Shah: We are currently self-funded.
Juetten: Startups are an adventure — what’s your favorite startup story?
Zhang: One of our favorite startup stories is that of Atoms founders Sidra Qasim and Waqas Ali. We first learned about them through their feature on Humans of New York. They started with nothing, coming from adverse circumstances, using KFC as their office and sharing a single laptop. Starting from a group of local craftsmen in a small village in Pakistan, they have become the first shoe company to provide quarter sizes, fixing the largest shoe shopping problem – fit. Despite their humble beginnings, they did not shy away from pursuing their vision, and despite their many setbacks, they were determined to try again. This courage and tenacity is a reminder for us when we feel underqualified to pursue our own vision and encounter our own rejections and failures – to pick it right up and keep trying.
Juetten: How do you measure success and what is your favorite success story?
Zhang: We measure success by the impact that we are having on users – whether it is at a small or large scale: we are successful if the people using our product see real change in their relationships and communities. As a team, we measure success by our ability to turn difficult situations into opportunities.
One of our favorite success stories is that of Bumble founder Whitney Wolfe Herd. While most may know Whitney as the founder of Bumble and the youngest woman ever to take a company public, many may forget that the success of Bumble began with a nightmare end to another company she co-founded, Tinder. There, she was harassed by her then boyfriend, an executive at the company, dumped, and then ousted. Instead of letting the nightmare engulf her, it fueled her ambition.
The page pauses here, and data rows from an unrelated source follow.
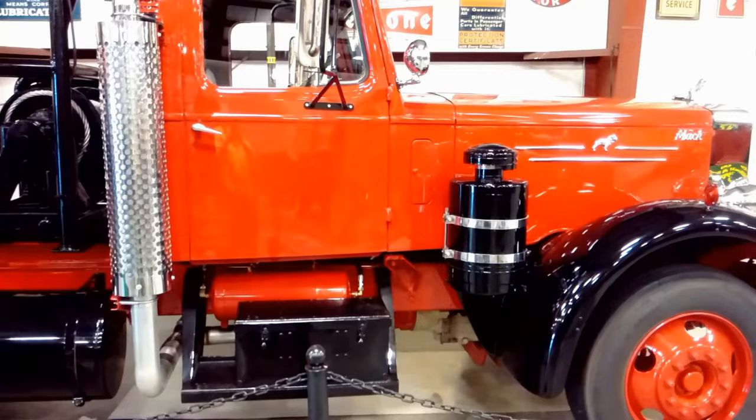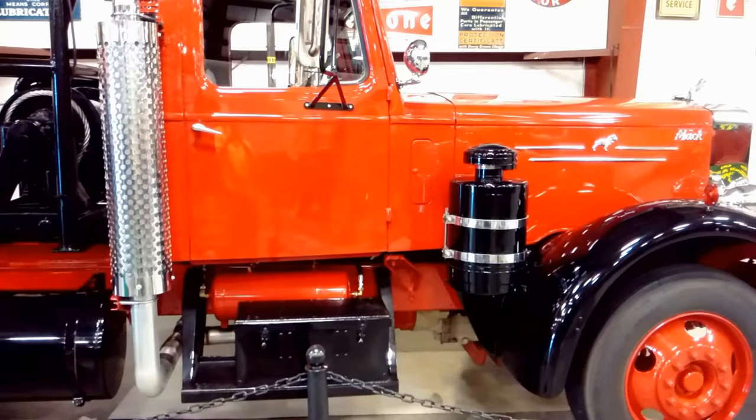The sleeper was later removed for the truck's conversion to oil field use. When Iowa 80 acquired this truck, it was used on tough wrecker calls that required 3 wrecker trucks.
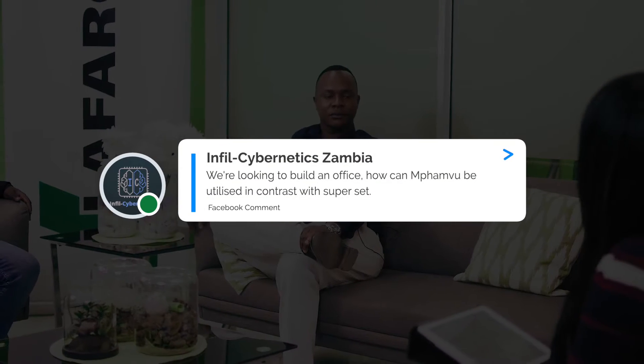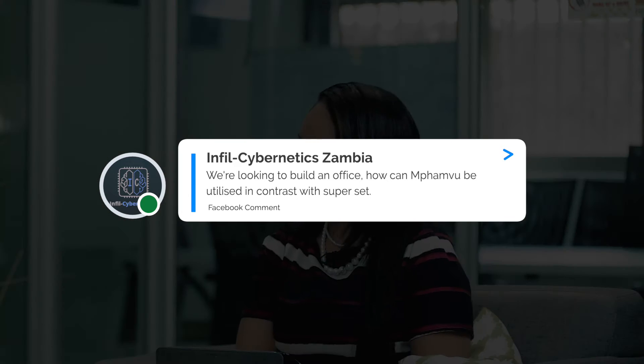Referring to questions from our Facebook page, there's one from Info Zambia that reads: we are looking to build an office — how can Mpamvu be utilized in contrast to Superset? Mpamvu is a general purpose cement ranging from domestic to large building projects, including road stabilization. Mpamvu can be used for concrete works as well as mortar, so that office block will have the luxury of using Mpamvu for both.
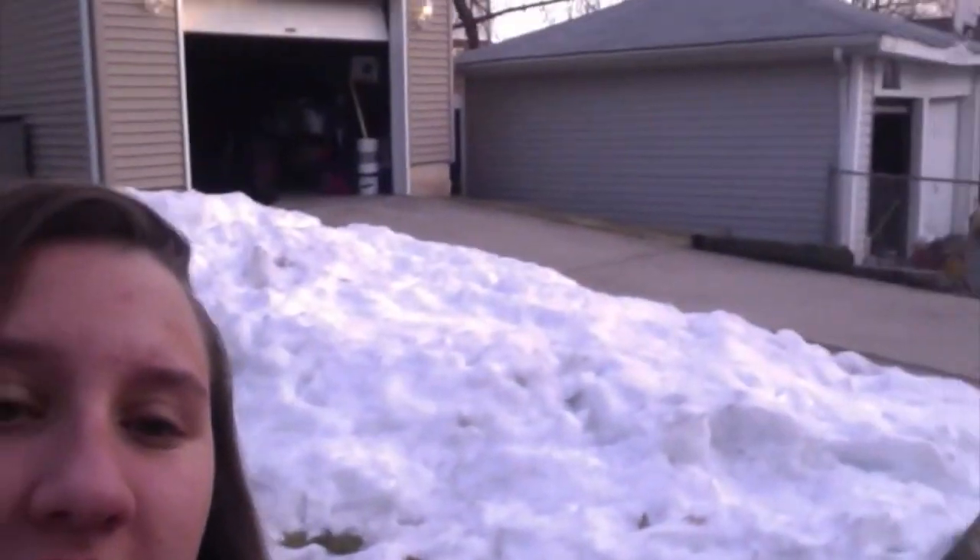Hey guys, it's Melissa and this week we're in a new setting because it's nice out and I didn't want to be in my house. But as you can see there's still like snow on the ground, which is kind of depressing, but at least it's sunny and warm, so that's an upside. Today I will be doing the 'What's on Your Phone' tag.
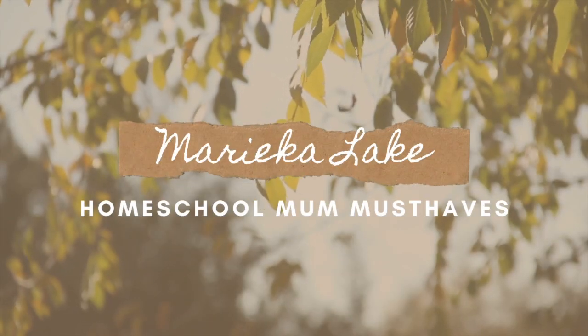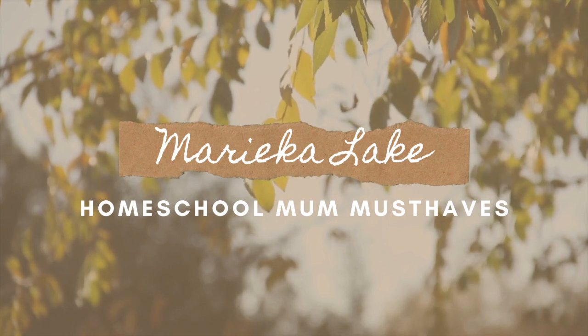Hi friends, it's Marika Lake. Welcome back to my channel. In today's video, I'm going to talk to you about homeschool mum must-haves. My video today is a part of a collaboration with other homeschool mums that I have met here on YouTube. There is a playlist linked in the description box down below that has all of the other homeschool mama videos talking about this subject — the things that we need as homeschool mums that make this homeschool journey a lot easier to do.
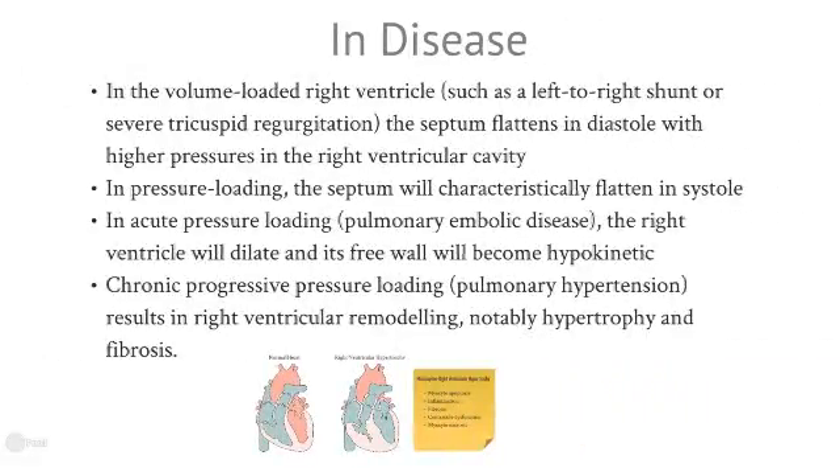In disease, and specifically pulmonary hypertension, the volume-loaded right ventricle, such as we might see in a left-to-right shunt or in severe tricuspid regurgitation, causes the septum to flatten. It flattens in diastole because there are higher pressures in the right ventricle during this phase of the cardiac cycle. When the right ventricle is pressure-loaded, the septum will characteristically flatten during systole, i.e. during contraction.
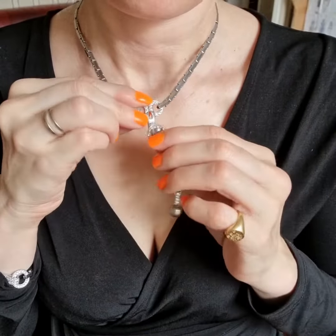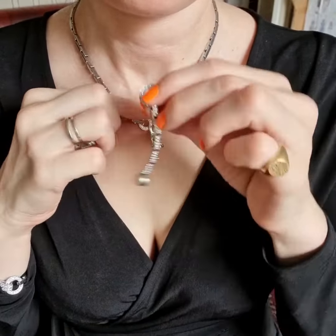So if you open this clasp you can take the dangly piece off which is all set pavé cut, pavé set diamonds. Then you have a shorter necklace. In here is where it says Cartier and the serial number.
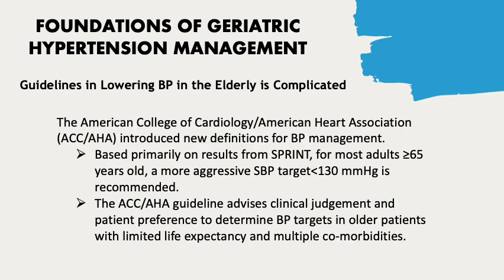In November 2017, the American College of Cardiology (ACC)/American Heart Association (AHA) hypertension guideline introduced a new definition for blood pressure management based primarily on results from the Systolic Blood Pressure Intervention Trial (SPRINT). For most adults older than 65 years, a more aggressive systolic blood pressure target of less than 130 mmHg is recommended.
Whitney has faced the epitome of sexism both in her relationships and her work, but she found a way to turn those immense challenges around.
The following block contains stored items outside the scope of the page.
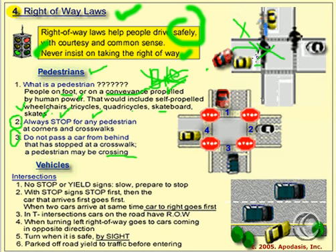So this red car is attempting to go around the yellow car and will end up hitting the pedestrian. If a car is stopped at a crosswalk, don't go around it. Now let's look at right-of-way rules for vehicles. If you come to an intersection with no stop signs and lights, slow down and prepare to stop. That's number one.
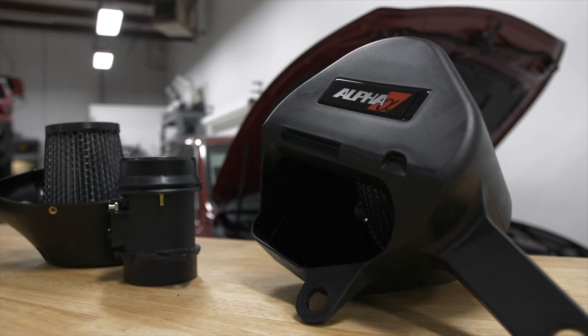Hi everybody, welcome back to AMS Performance. My name is Lance. I am the Research and Development Technician here, and today I'm here to talk about our Infinity Red Alpha intake system for the Q50 and Q60.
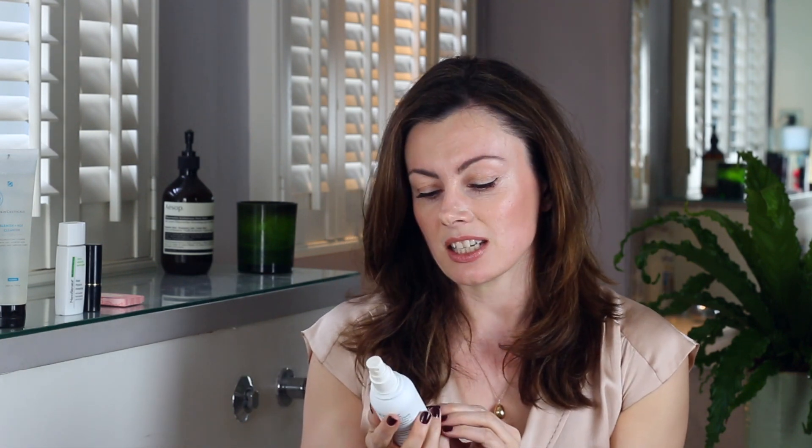Now if you are more normal to dry on the cheeks, as I can certainly be sometimes particularly after a flight, but still very oily in the T-zone, you might want to do a more localized treatment with a more toner-like product. Something like the Azelac Facial and Body Spray — you can actually use this on your trunk as well if you're prone to breakouts — swabbed onto a cotton pad and whisked over your trouble zones in the T-zone area. I find that very helpful too.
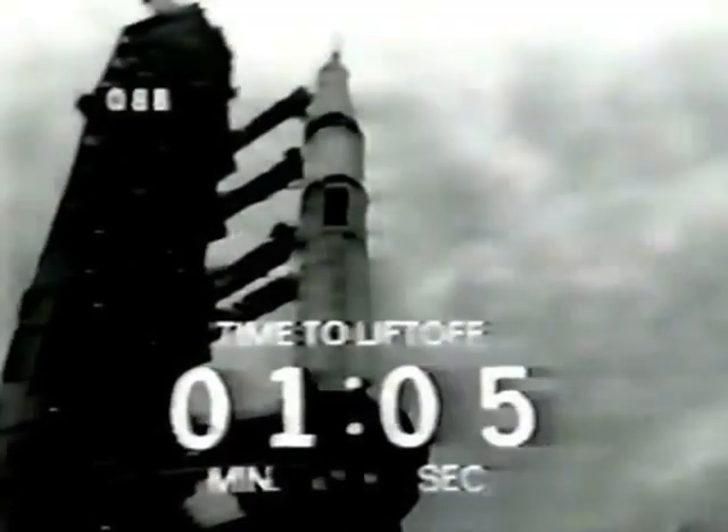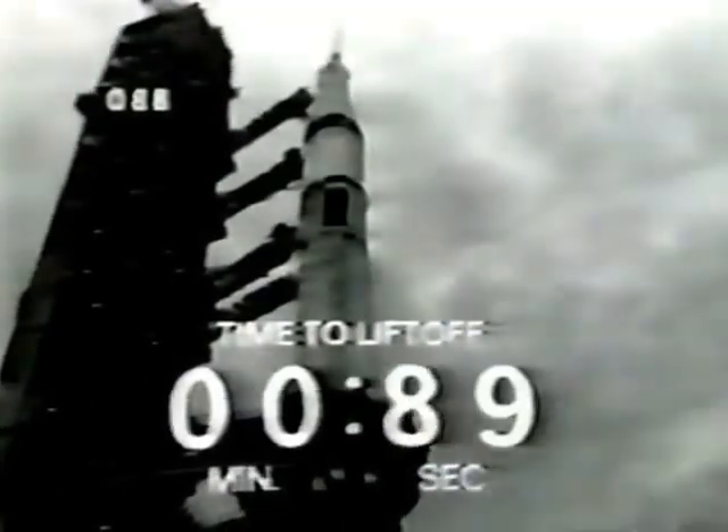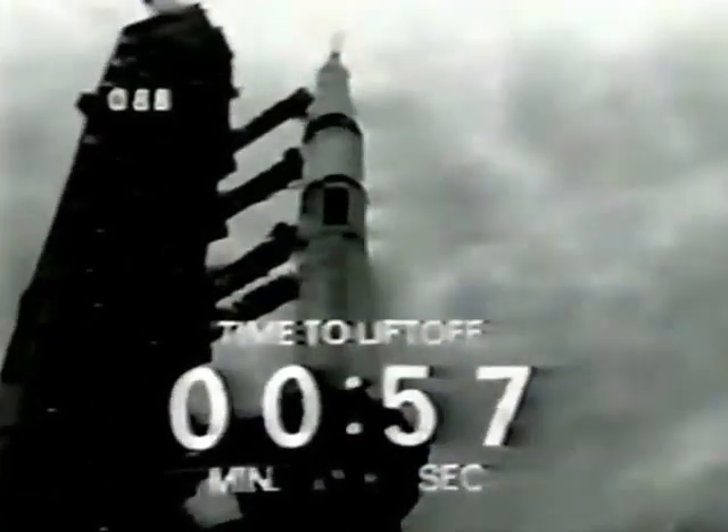For the launch of this Skylab mission. Status board: S-4B LOX tank pressurized, S-1B fuel tank pressurized as we approach the one-minute mark in the countdown. Mark. T-minus one minute, T-minus one minute and counting in the spacecraft.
This is one of our favorite success stories because Whitney not only embodies the courage of a champion for healthier relationships and better work environments for women, she channels those qualities into her company to empower women all around the world to do the same for themselves. Her courage and grit is incredibly admirable and inspires us as we build Trust.
Juetten: Any tips for early-stage female founders?
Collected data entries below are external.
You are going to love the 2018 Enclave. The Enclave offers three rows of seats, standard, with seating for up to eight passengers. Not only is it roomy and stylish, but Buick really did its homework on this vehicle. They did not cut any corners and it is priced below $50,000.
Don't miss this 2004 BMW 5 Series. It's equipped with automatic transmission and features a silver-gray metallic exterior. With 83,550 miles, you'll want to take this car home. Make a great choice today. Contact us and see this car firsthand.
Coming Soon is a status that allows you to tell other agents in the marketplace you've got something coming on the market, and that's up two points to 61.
- Remind yourself of the idea that sparked what you’re building. As females, we often stop for the many roadblocks we inevitably face. Solutions will evolve – you’re constantly going to be refining, enhancing, and changing the product – but continuing to remember the ‘why’ behind it is not only motivating, but helps you see your roadmap more clearly and define success by what truly matters.
- As women, we often are worried about asking for too much and shy away from asking directly. Be explicit in asking for what you need – it’s helpful in life and even more critical as a founder when there is so much happening and you need to move fast
- And this one is for all founders, not just females: embarking on a startup is a ‘marathon not a sprint,’ as a wise person once told us when we were formerly HearHealth. Get used to the idea that the battles are going to get harder but just as they are, you’re going to get stronger.
Juetten: What’s your next milestone and any long-term vision for your company?
Shah: Our next milestone is deploying our beta product and meeting success metrics. The long-term vision is simple: make trust building within relationships and across communities a simpler, more accessible, everyday occurrence.
Thank you to Jiali and Ria for sharing their startup experiences and we look forward to seeing the product when it comes out of beta. It’s difficult work running a company, so believing that what you’re doing and understanding that it might extend beyond the marathon to a triathlon, is critical to success. #onwards.